19. Sajak Cinta yang Sia-sia - Novel Layla Majnun
Bahkan sajak-sajak yang didendangkan dari bibirnya seolah sia-sia saja.
Apalah artinya sajak-sajak itu, jika untuk siapa ditujukannya
sajak itu takkan pernah mendengarnya.
Majnun sama sekali tak mengetahui tentang pernikahan Layla dengan Ibn Salam; bahkan hingga satu tahun berlalu, ia tak juga berubah. Cinta telah mengubahnya menjadi pengembara buta dan mabuk, terhu- yung-huyung dari satu tempat ke tempat lainnya tanpa tahu tujuan. Kesedihan telah membuat tubuhnya kurus dan pucat, dan keadaannya bertambah buruk dengan berlalunya waktu.
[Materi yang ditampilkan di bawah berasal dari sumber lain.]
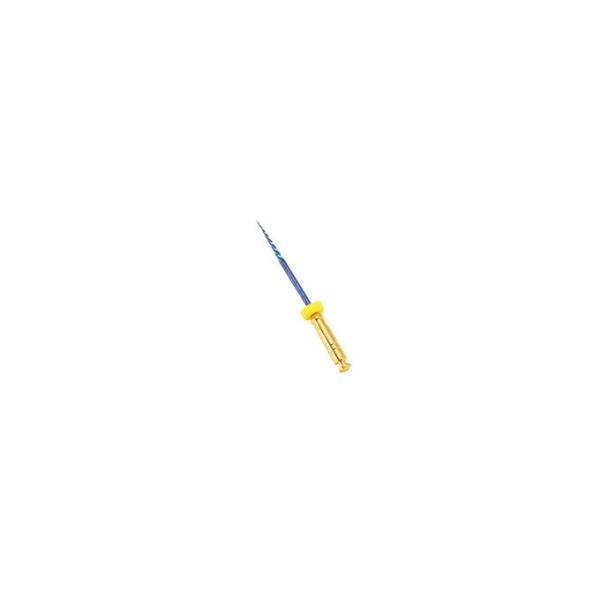 Heat Treatment Dental Rotary Files S Blue B0 Highly Fracture Resistance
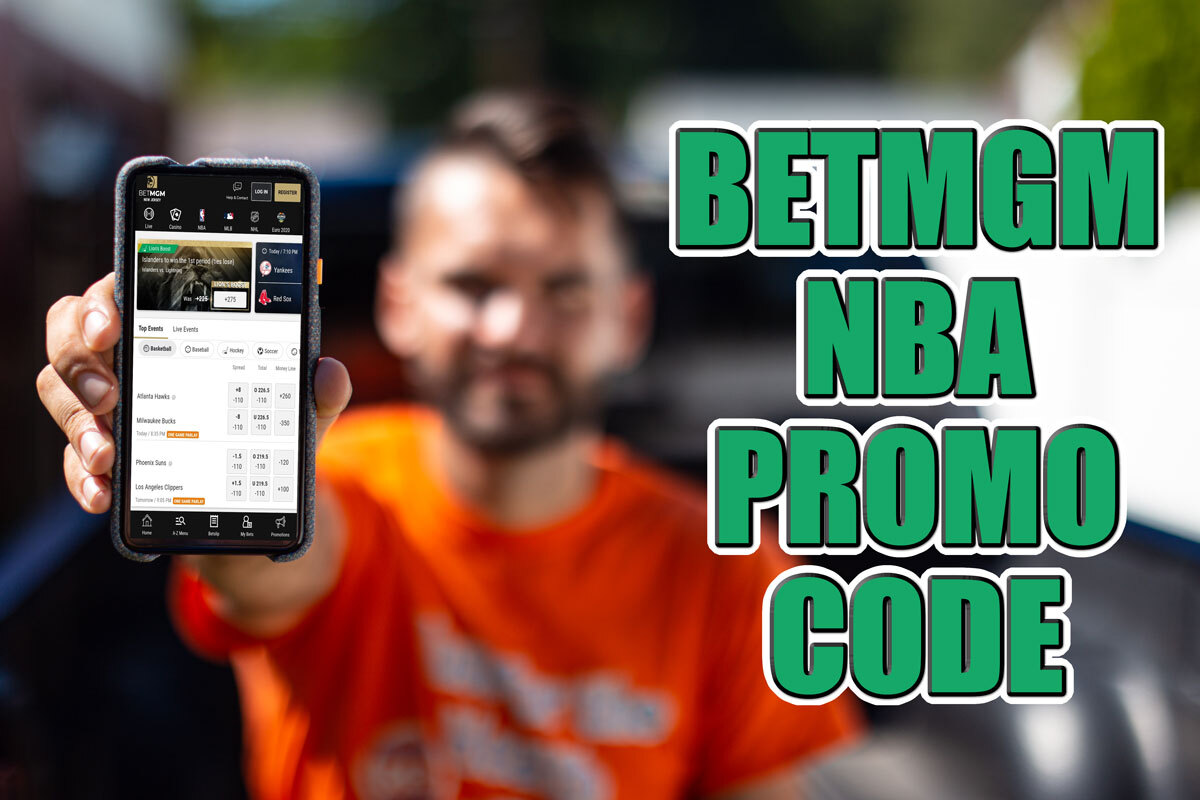 BetMGM NBA promo code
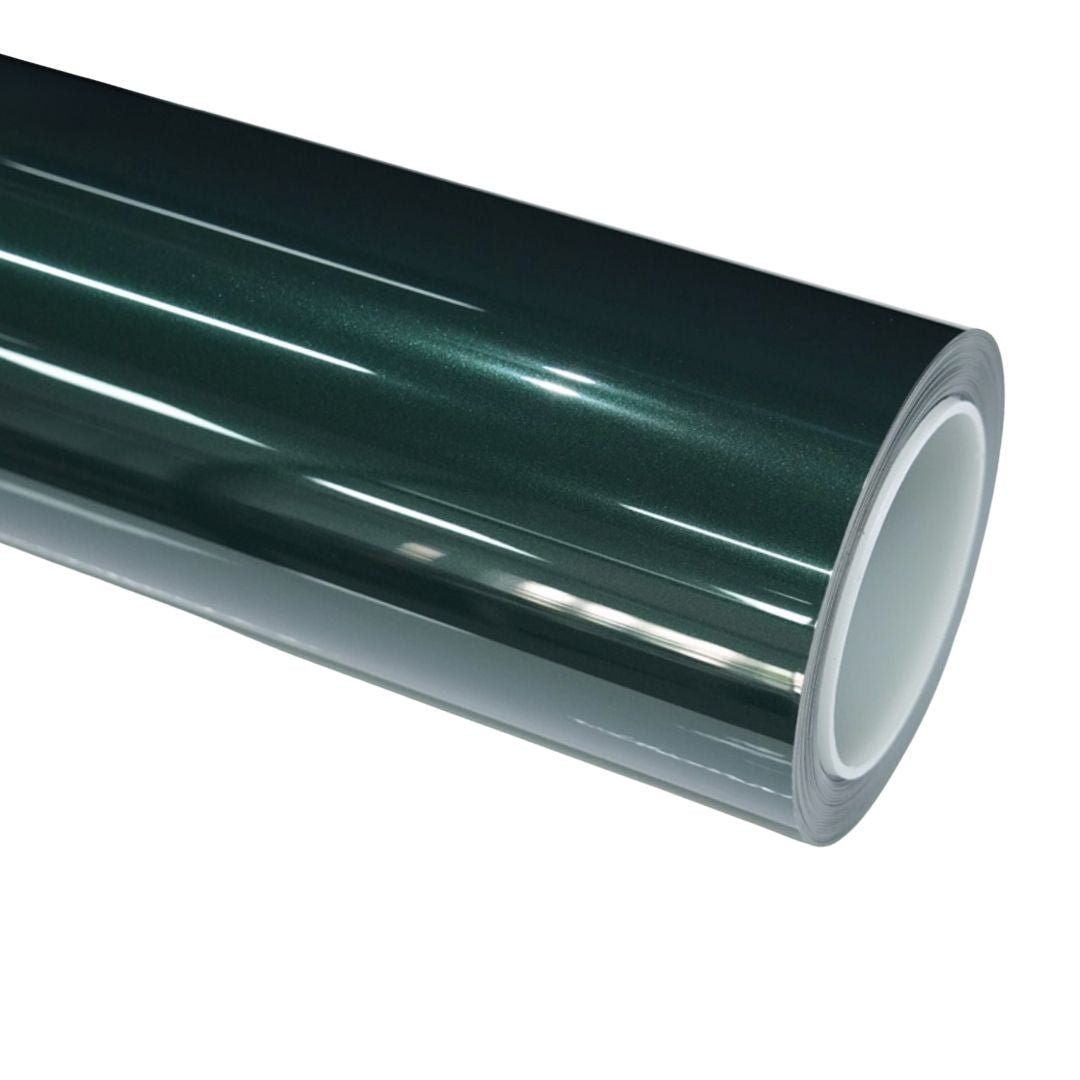 Gotland Green Vinyl Wrap — genuine Color Wrap Film by Nano Crystal PPF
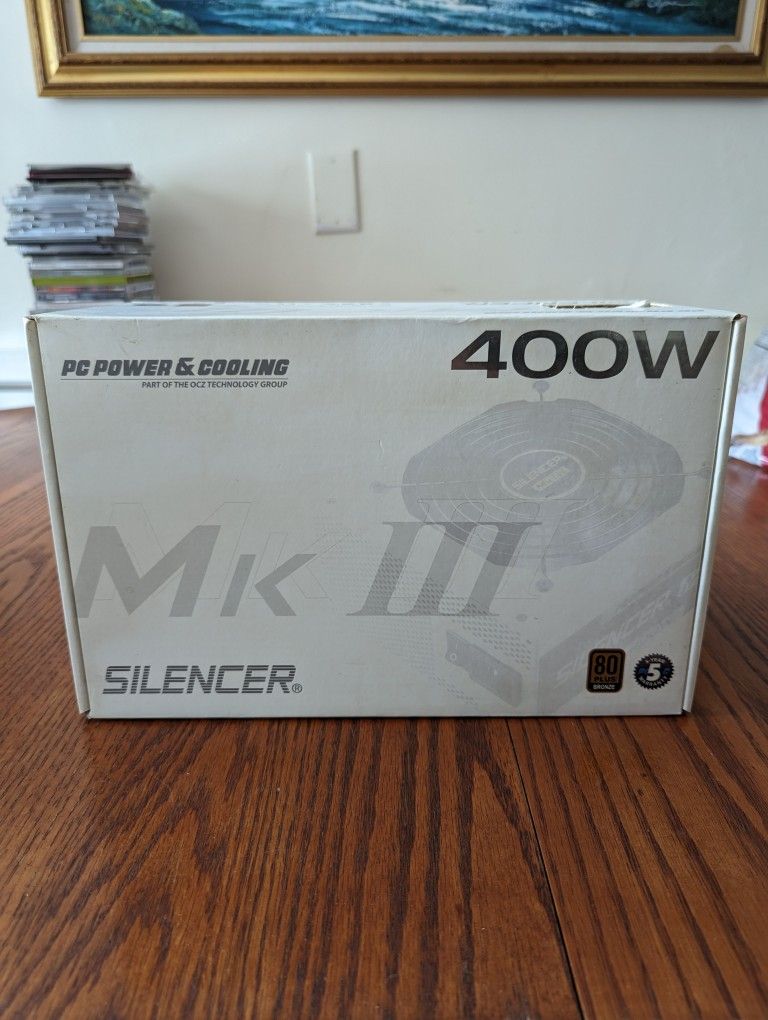 MK III Silencer 400W Power Supply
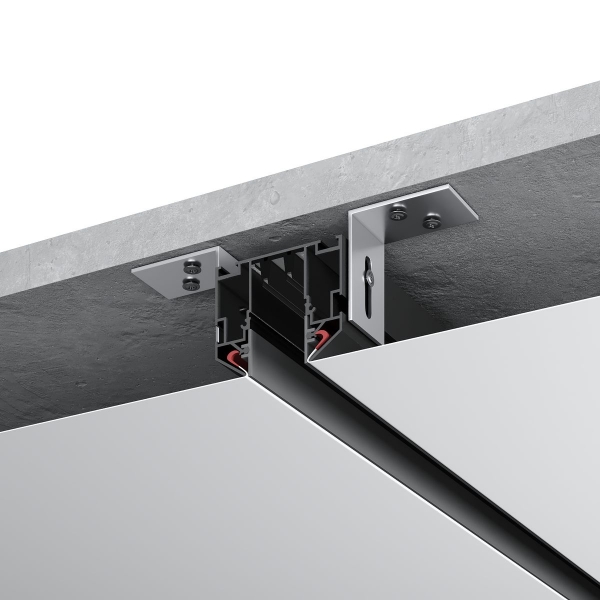 Шинопровод под натяжной потолок ST Luce Skyline 220 ST046.439.02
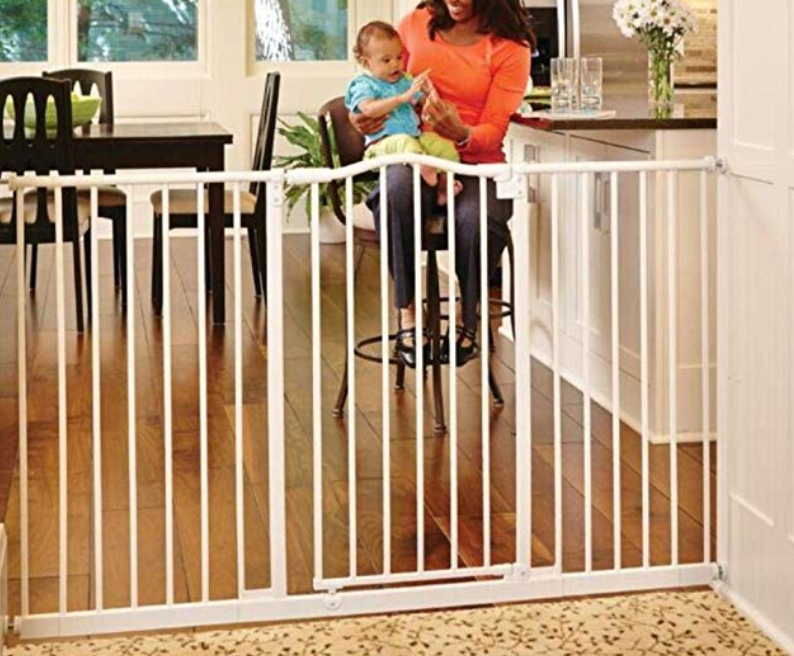 Baby Safety Gate | Baby Gate Play Yard | Best Baby Gates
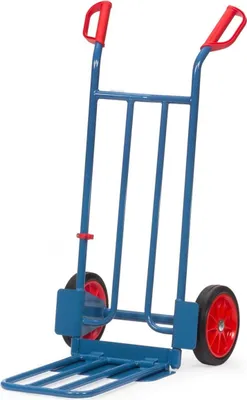 Produktbild von Fetra Paketkarre 150 / 500 x 400 / 330 mm 250 kg Vollgummibereifung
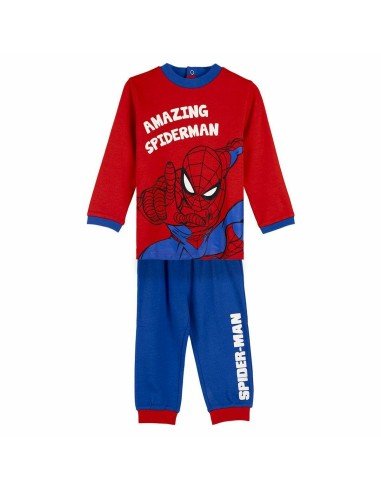 Pigiama Per bambini Spider-Man Azzurro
Namun bagi penyakit yang dideritanya –penyakit cinta– tak ada obat yang dapat menyembuhkannya. Di suatu sore, seseorang melihatnya berbaring, kelelahan seperti biasanya, di bawah semak berduri yang menjalar bergelantungan. Majnun tak melihat datangnya seorang pengendara mendekatinya, ataupun bunyi derap unta, hingga sang pengendara itu berada sangat dekat dengannya. Sang pengendara, seorang pria berkulit kehitaman yang mengenakan jubah hitam, turun dari untanya dan berdiri di atas Majnun bagaikan iblis hitam mengerikan. Suaranya sama menakutkannya dengan penampilannya. Ia menendang Majnun di bagian tulang kering dan berkata:
“Hei, kau! Pemujaanmu telah menjauhkanmu dari dunia dan membiarkanmu tak sadar dengan apa yang sedang terjadi. Tapi izinkan aku mengatakan kepadamu: sia-sia saja kau mendedikasikan hatimu untuk Layla. Kau makhluk bodoh! Apakah kau benar-benar berharap ia akan tetap setia kepadamu? Apakah kau pikir ia akan menunggumu? Apakah kau masih tetap mengharapkan datangnya sinar, sementara yang ada hanyalah kegelapan?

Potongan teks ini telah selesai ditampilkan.